The Lighthouse Review

I was feeling very apprehensive about my viewing of The Lighthouse. I was unsure what genre the film fit into, and the Black and white filter with an odd aspect ratio felt like a useless gimmick. Would this critically acclaimed film surprise me? 

For those of you who haven’t heard of this film, it’s about these two men who are working together maintaining a Lighthouse in the 1890’s, and the film shows their relationship and their descent into madness. Robert Pattinson and Willem Dafoe star as the two men, and I have to say they both are one hundred percent committed and go all in for the roles.

The cinematography is a big part of the film. The black and white filter adds to the feel of this being set in the 1890’s and the aspect ratio does genuinely add a feeling of discomfort and claustrophobia while you’re watching. Some of the shorts are beautiful to look at, and the score does a great job accompanying the visual storytelling. I do feel like the aspect ratio is a distraction, and I wanted to see the full wide shot of the beautiful landscape shots.

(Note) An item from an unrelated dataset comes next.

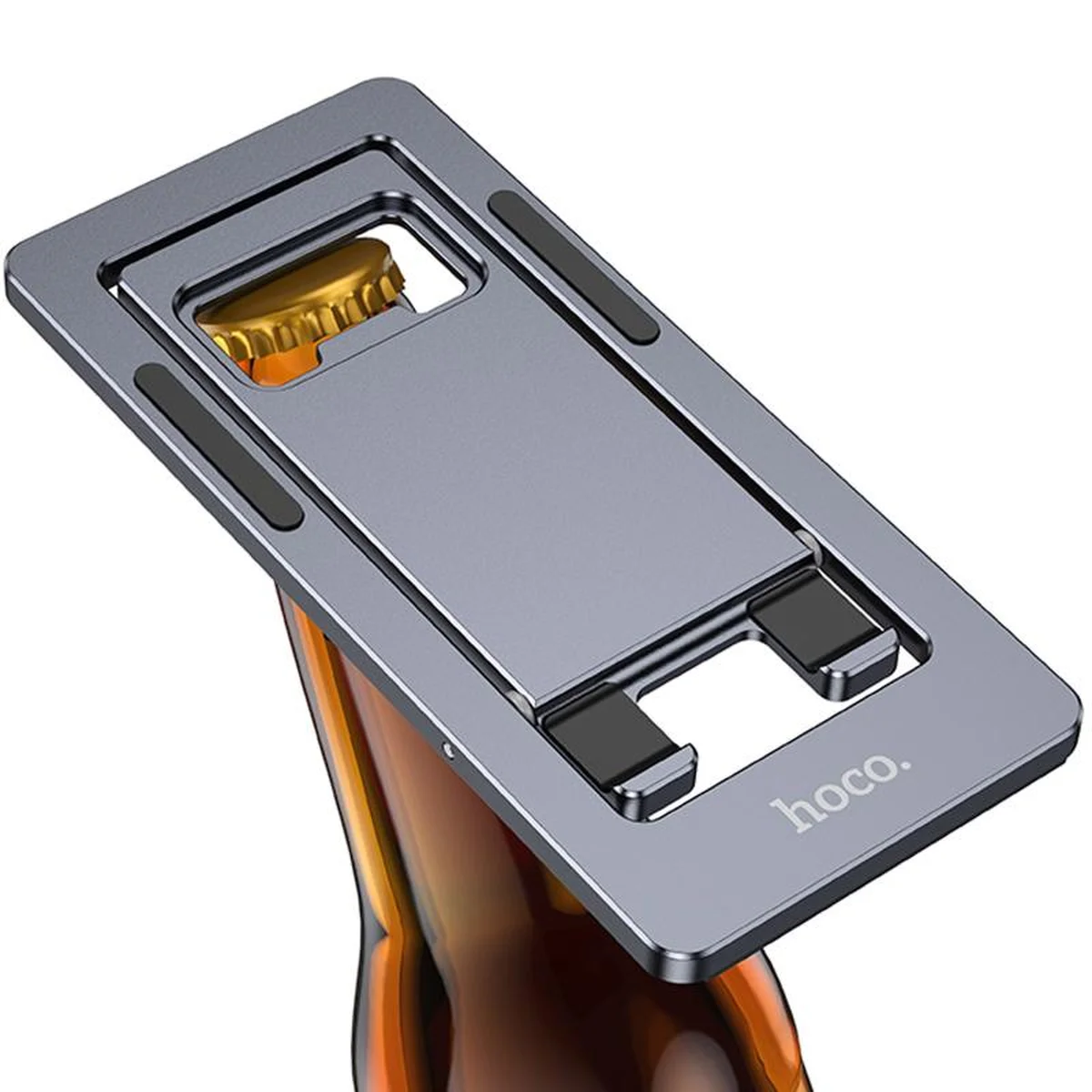 Підставка для телефону Hoco HD11 Volar metal folding Metal grey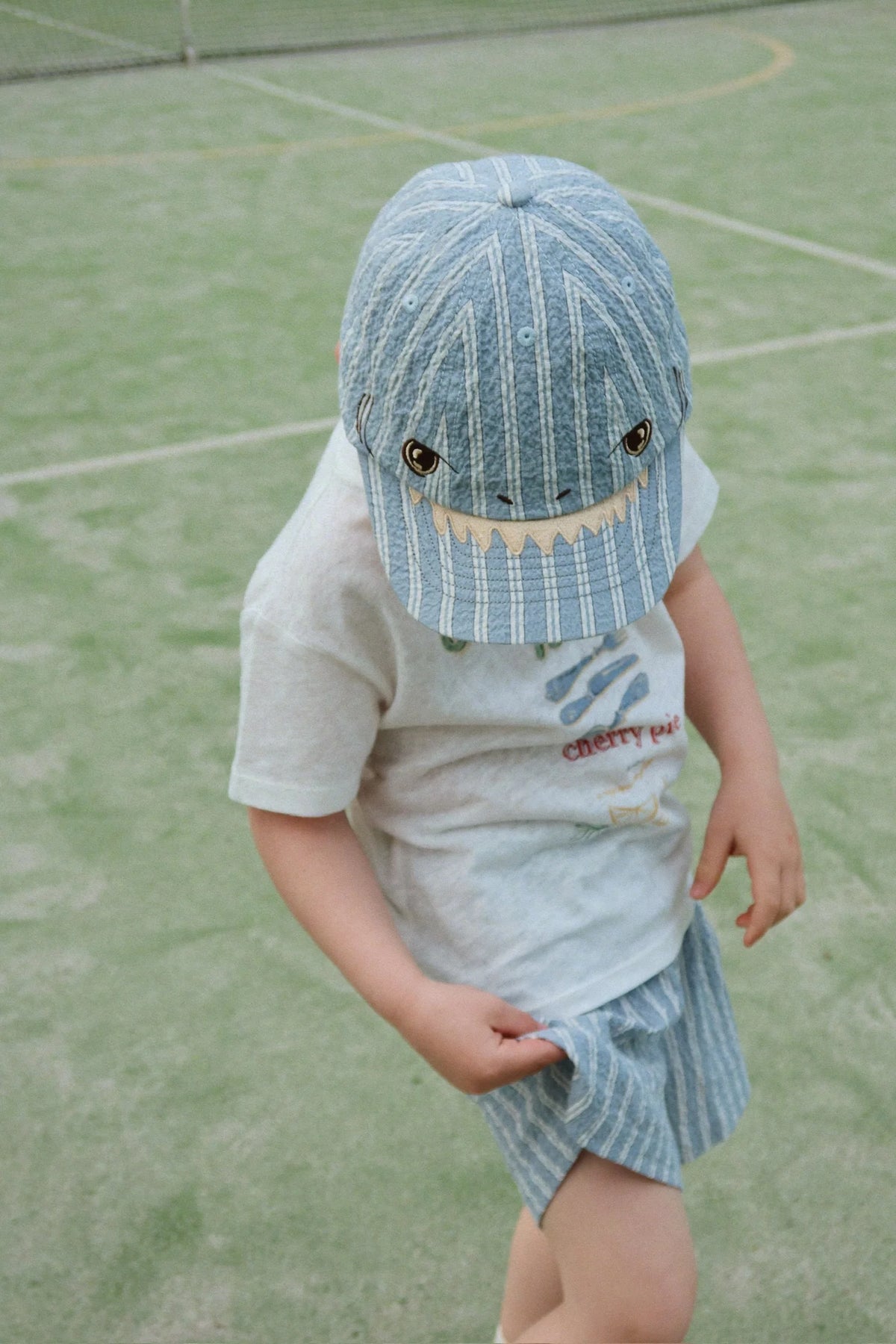 Konges Slojd/ELLIOT SHORTS GOTS/TRIO BLEU STRIPE/ショーツ【18ヶ月/2歳/3歳/4歳】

The story they’re telling though, is very hard to put a finger on. The films not actually that slow, but so little happens for long periods of the film. We see them carrying out odd jobs, Pattinson gradually getting more disgruntled with Dafoe barking orders at him, and the environment they find themselves in is a grim one for the most part. The titular Lighthouse, and the actual light inside it, are reserved by Dafoe’s character, and Pattinson is now allowed up there.

Ordinarily, I’d find this intriguing, and in fact I did at first, but then I found myself waiting for something to happen. The intrigue around what is going on is then broken by something otherworldly happening. I think the more fantastical elements of this film are meant to be figments of Pattinson’s imagination, but you’re never sure. Perhaps this is intentional, to try and blur a line between the reality and fiction in the characters mind, but it just seems odd to me. There are tentacles about at times, but it’s just there because they’re an unsettling thing to look at. I don’t expect a film to try and creep me out the same way I get a little unsettled when I come across the tentacles in my Calamari at a restaurant.

It never felt at all unsettling to me, it just seemed out of place. The lighthouse, the tasks, everything about the work they’re doing is so mundane and real that these unusual fantasy elements don’t sit right for me. The film does a good job of setting up this harsh, unforgiving place, that introducing these supposedly creepy elements just felt silly to me.

There are points when the characters go off on what are supposed to be Shakespearean monologues that just didn’t make any sense. They are full of big words and fun sounding syllables, but they come off as just rambling nonsense. I think that might’ve been the point, but it just did not work. There is this running thing with a seagull in the film, which is somehow trolling Robert Pattinson, but I never saw it as anything but a bird standing there.

The Lighthouse is a film that is trying to be clever, and for me it came across as artsy nonsense. The idea of watching two men driven mad is appealing to me. The lack of freedom, the longing for human interaction other than that of the person you work with all day the monotonous, horrible work and harsh conditions. They are all things that would contribute to it, but they aren’t what the film shows. It shows two men driven mad seemingly by some other force, and that just isn’t interesting to me.

I know a lot of people really enjoyed this film, and I am glad for them. To me this is a waste of two terrifically committed actors and will be my example going forward of amazing performances in a poor film.

Good: Performances and Cinematography at times.

Bad: Lack of a coherent story, weird scenes that don’t fit, Aspect ratio is needlessly distracting.

3/10 – Whatever this film is trying to do, it did not work on me.